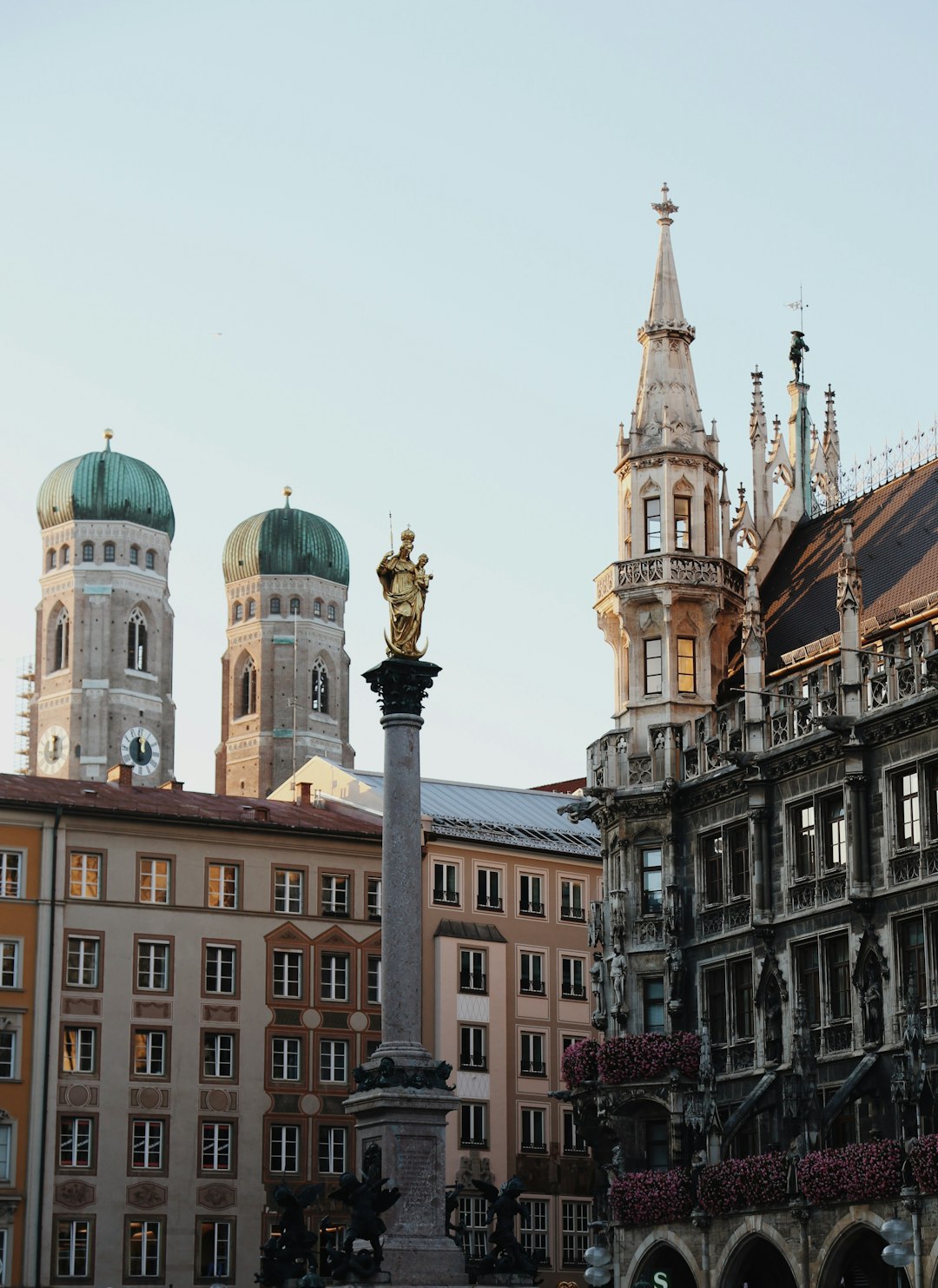 a-statue-in-front-of-a-building-with-a-clock-tower-in-the-background-1x5bt6stxxi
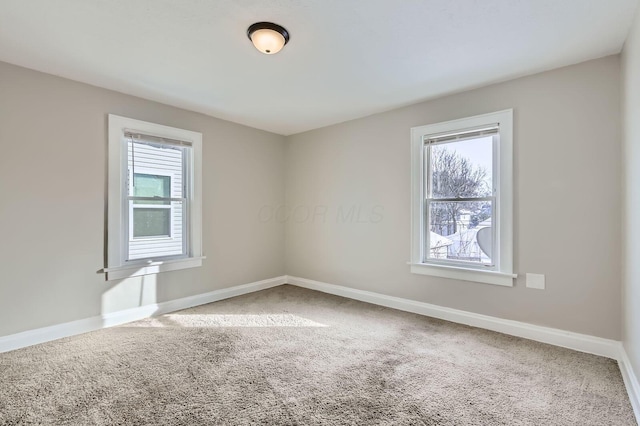 1437 Manchester Ave, Columbus, OH 43211 - spare room featuring carpet flooring and baseboards
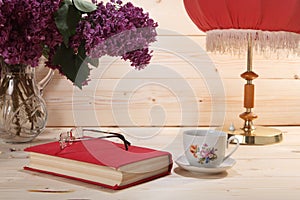 Bouquet of lilacs, book, spectacles, cup of tea and table lamp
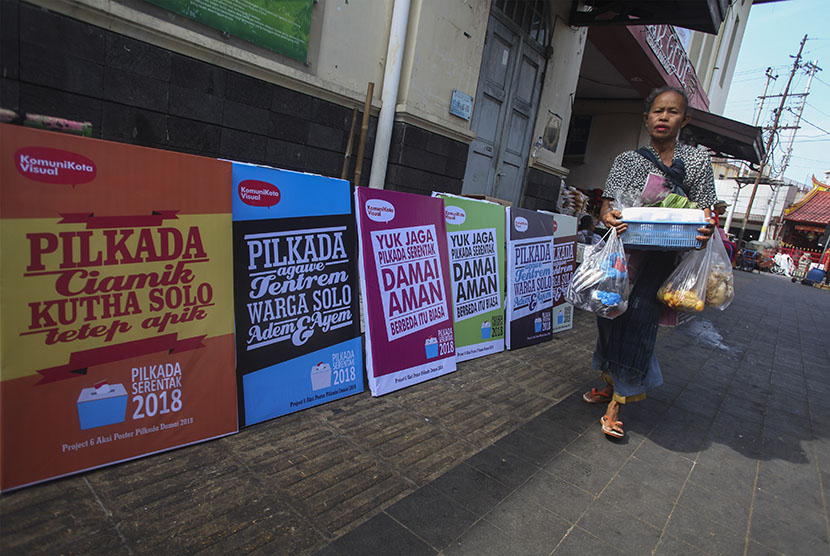 Pedagang melewati jajaran poster Pilkada Damai 2018 yang dipajang di kawasan Pasar Gede, Solo, Jawa Tengah, Senin (25/6). 
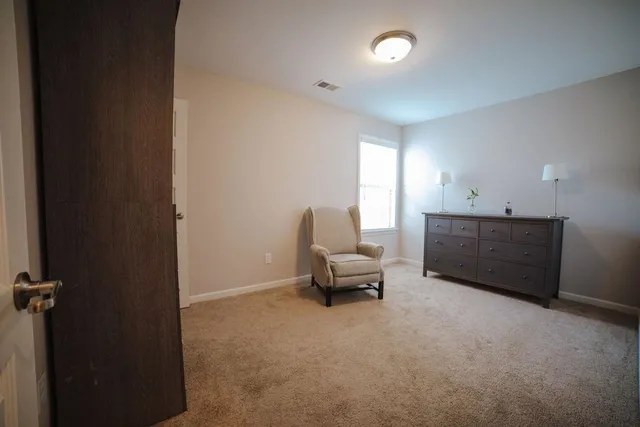 a living room with furniture and a chair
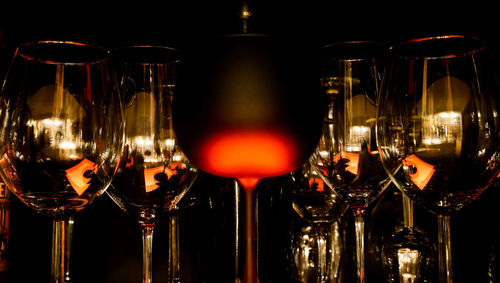 Close-up of wine bottles against black background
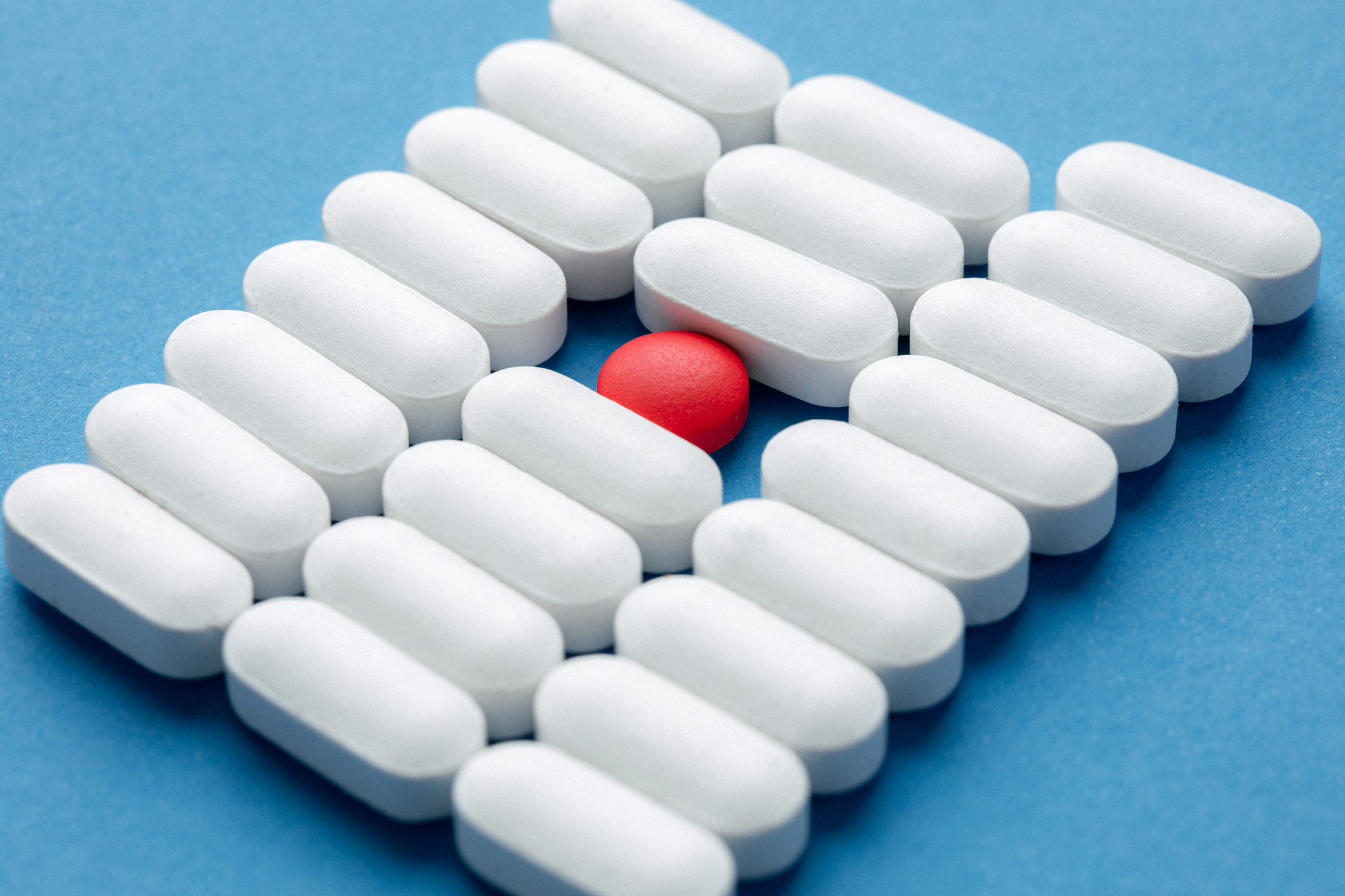 one red pill among white pills. concept of uniqueness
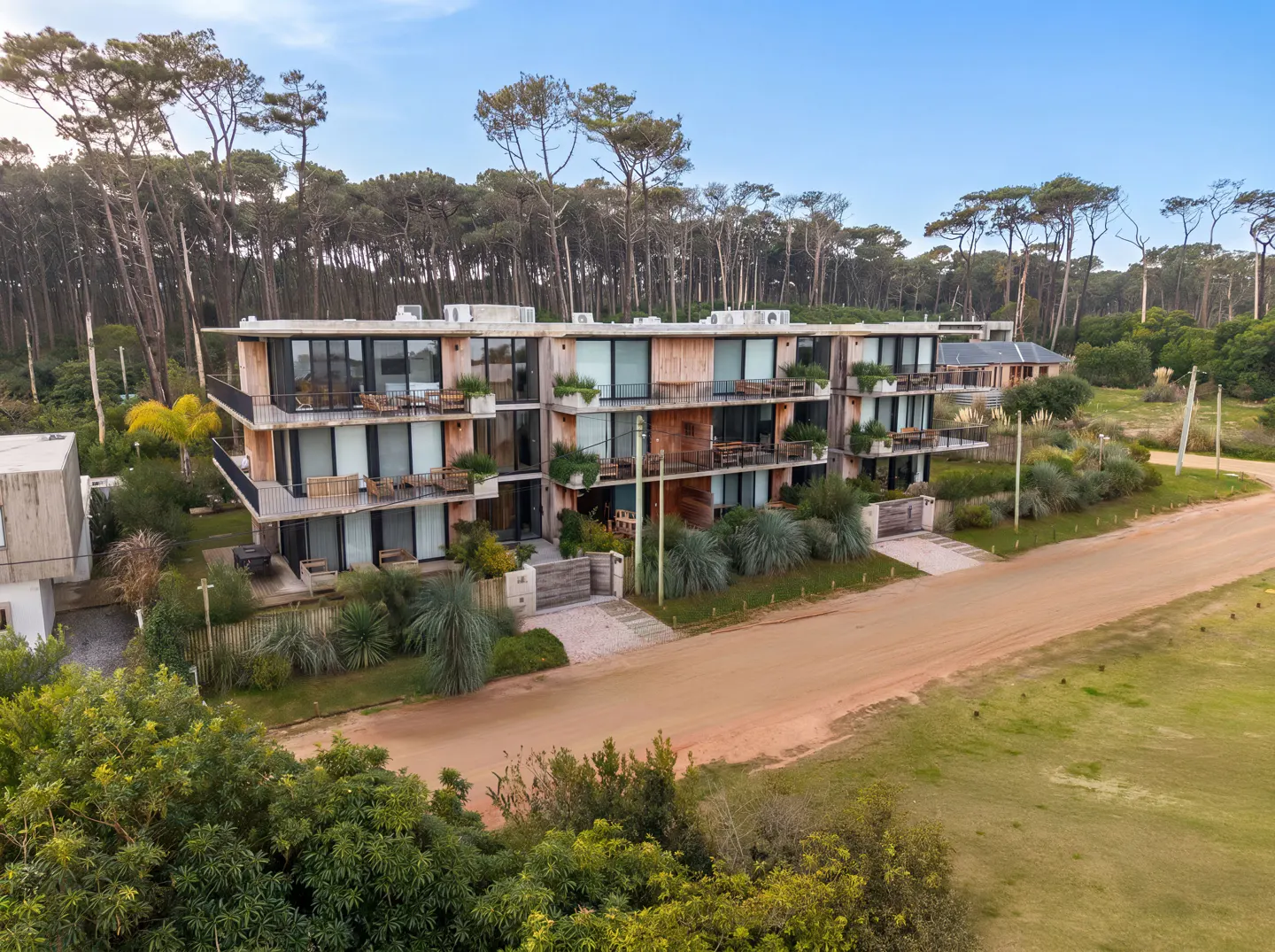 Modern three-story apartment building with wooden balconies and large windows, nestled in a forest near a dirt road.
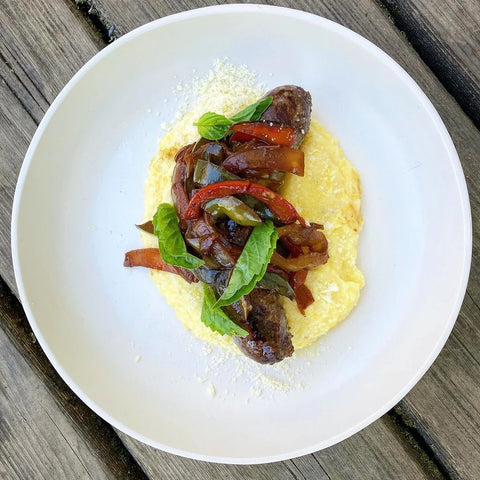 Italian Style Buffalo Sausage Links with Sweet & Sour Peppers and Onions over Ricotta Polenta - Jackson Hole Buffalo Meat
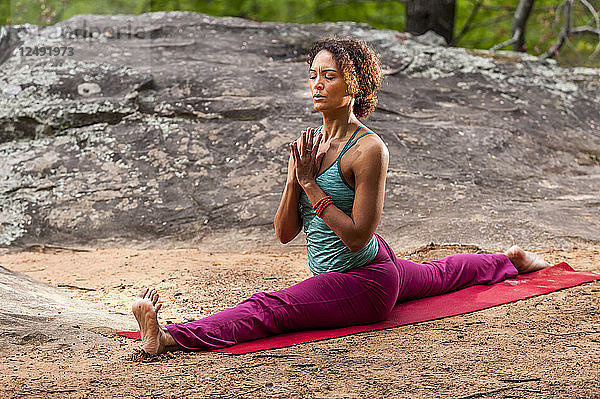 Frau macht Stretching auf Yoga-Matte im Wald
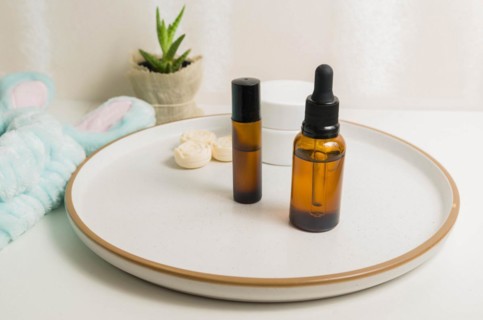 Cosmetic packaging. Set of different cosmetics on plate with decoration. Skin care concept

────────────────

◆ Exercise
From the records above, transcribe exactly the lines starting at the one containing "Bouquet of lilacs, book, spectacles, cup" and ending at the one containing "a living room with furniture and a chair". Skip the pictures.

◆ Answer box
 Bouquet of lilacs, book, spectacles, cup of tea and table lamp
 Pedagang melewati jajaran poster Pilkada Damai 2018 yang dipajang di kawasan Pasar Gede, Solo, Jawa Tengah, Senin (25/6). 
 a living room with furniture and a chair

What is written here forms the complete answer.